##### RECORDS SHOWN

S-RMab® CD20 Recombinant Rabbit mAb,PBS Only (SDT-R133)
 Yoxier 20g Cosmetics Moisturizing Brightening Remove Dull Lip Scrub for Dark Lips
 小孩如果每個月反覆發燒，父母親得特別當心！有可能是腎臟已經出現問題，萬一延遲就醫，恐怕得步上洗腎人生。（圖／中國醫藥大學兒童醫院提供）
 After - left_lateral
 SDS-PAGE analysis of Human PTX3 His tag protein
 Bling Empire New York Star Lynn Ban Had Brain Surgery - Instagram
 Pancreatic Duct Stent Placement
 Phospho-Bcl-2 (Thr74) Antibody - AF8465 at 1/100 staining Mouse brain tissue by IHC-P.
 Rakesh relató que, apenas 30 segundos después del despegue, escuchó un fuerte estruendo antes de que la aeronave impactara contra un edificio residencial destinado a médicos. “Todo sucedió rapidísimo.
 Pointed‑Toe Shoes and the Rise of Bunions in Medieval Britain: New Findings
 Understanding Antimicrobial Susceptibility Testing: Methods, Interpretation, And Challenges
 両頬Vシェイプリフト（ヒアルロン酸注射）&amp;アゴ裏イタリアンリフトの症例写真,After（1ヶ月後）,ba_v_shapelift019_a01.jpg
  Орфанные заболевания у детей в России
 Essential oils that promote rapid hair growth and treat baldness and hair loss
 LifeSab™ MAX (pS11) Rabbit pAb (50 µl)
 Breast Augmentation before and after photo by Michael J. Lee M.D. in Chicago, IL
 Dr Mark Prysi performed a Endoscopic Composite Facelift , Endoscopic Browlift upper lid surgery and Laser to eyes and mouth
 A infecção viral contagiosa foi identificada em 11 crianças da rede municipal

##########

§ **BRIEF**
Using the data above, repeat exactly the lines that begin at the line with "Орфанные заболевания у детей в России" and end at the line with "Breast Augmentation before", both ends included.

§ **TASK RESULT**
  Орфанные заболевания у детей в России
 Essential oils that promote rapid hair growth and treat baldness and hair loss
 LifeSab™ MAX (pS11) Rabbit pAb (50 µl)
 Breast Augmentation before and after photo by Michael J. Lee M.D. in Chicago, IL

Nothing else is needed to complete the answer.